Over the years we all have built several relationships, but some of the most important ones are our friendships. We have made friends ever since we took those first steps to primary school. And there is no age where one stops making friends. However, some friendships fade over time. It’s hardly likely that you are still in touch with your friend from primary school. Friendships, like other relationships, also run their course. People change, circumstances change; whatever reason it is, every friendship does not last forever. No matter how much you and your high school bff swore you’d be friends for eternity.
There are times, though, when you might want to end a friendship. It may be for any number of reasons, or maybe just one main reason, but you feel the end to break ties with a friend. Like romantic break-ups, breaking up with a friend isn’t easy. Here are a few suggestions that might help you ease the pain while breaking up with a friend.
#1 Be gentle
No matter what the situation is, be gentle when you break the news to your friend. While you may have been thinking about this a lot, it might completely throw off your friend. Let them know that you have given this some thought and that you are not just randomly being dismissive.
#2 Explain your reasons
Your friend deserves to know why you don’t want to be friends anymore. Don’t avoid them. If they ask why you haven’t been speaking for a while, let them know why. Don’t let the friendship be an open wound. Explaining will leave you the chance of having cordial relations in future.
#3 Take responsibility
Since it is you who has decided to end the friendship, take responsibility for it. Even if you feel that you cannot continue because your friend has changed too much, find a way to tell them how it’s difficult for you without blaming them. There is nothing worse than bringing down another person, especially a friend.
#4 Be honest
If your friend has been backstabbing you, the friendship will probably end soon. But be honest with your friend and tell them if you were hurt or disappointed. If you feel that your friend has done something wrong, have the courage to tell them honestly.
#5 Don’t involve others
Try not to bring in a third or a fourth person while you are breaking up. That usually ends up in a blaming session and that is beneficial for neither your friend nor you. Even if it is a mutual friend who introduced the two of you, your friendship is separate from that with your mutual friend.
#6 Talk to them in person
Don’t break up with your friend over a text message or worse, over social media. You owe them proper courtesy, if for nothing else, then the time you spent together. Talk to them in person or over the phone. It’s very hard to understand the other person’s feelings otherwise. And your friend also might make the mistake of not taking you seriously.

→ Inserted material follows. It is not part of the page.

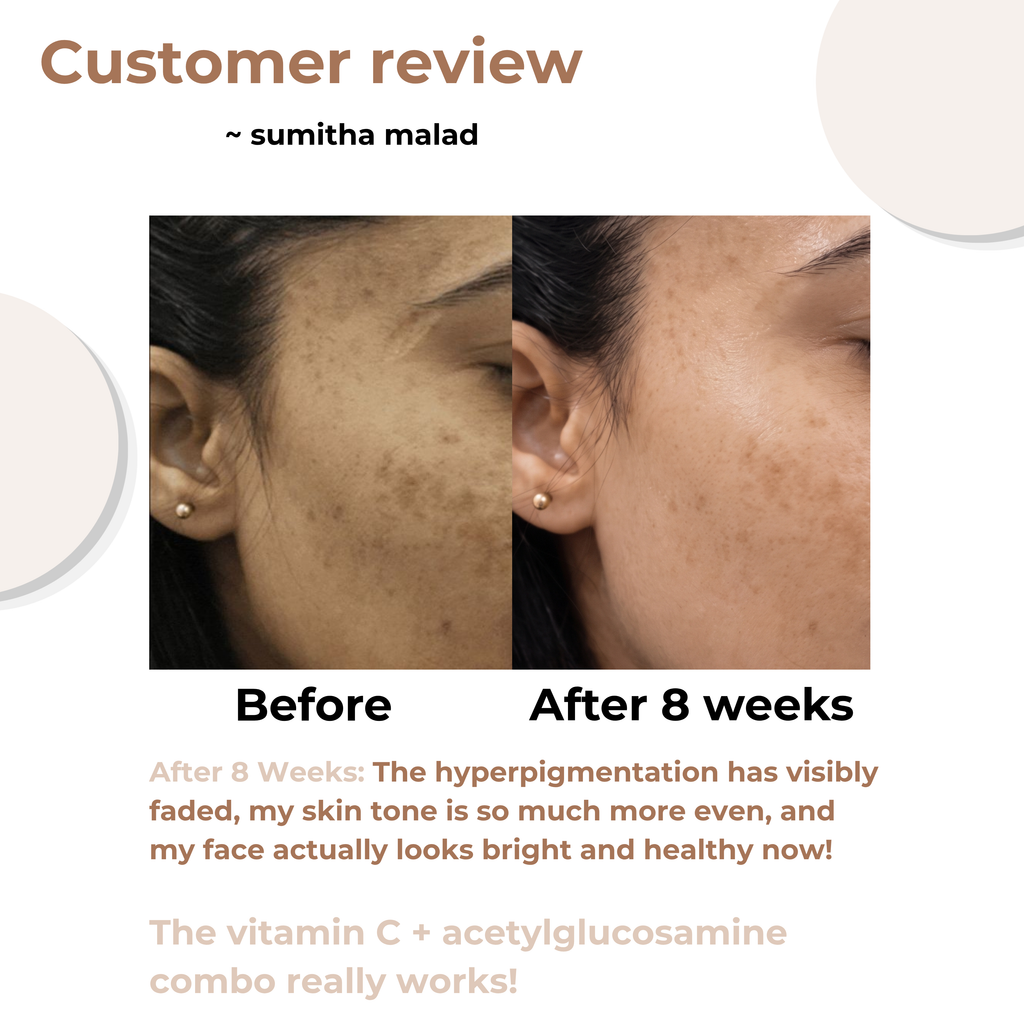 8-week before and after customer review showing faded hyperpigmentation and a brighter, more even skin tone using the Vitamin C and Acetylglucosamine serum combo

#7 It’s different when it’s a best friend
While several friendships will come and go, everyone has a close circle of very good friends. If a problem arises with a very good friend, it needs to be handled differently. You may not want to end your friendship over a problem. Then you need to talk it out with your friend and try to solve your problem. Similar rules apply in this situation also – be gentle, be honest, and explain the problem. Flying off the handle and having a huge fight does not help anyone.
Ending a friendship will always be painful no matter what. You and your friend shared something together and now it is over. But you can make it slightly better by taking into consideration your friend’s feelings. And even though it is over, remember that you did have a good time once and cherish those memories.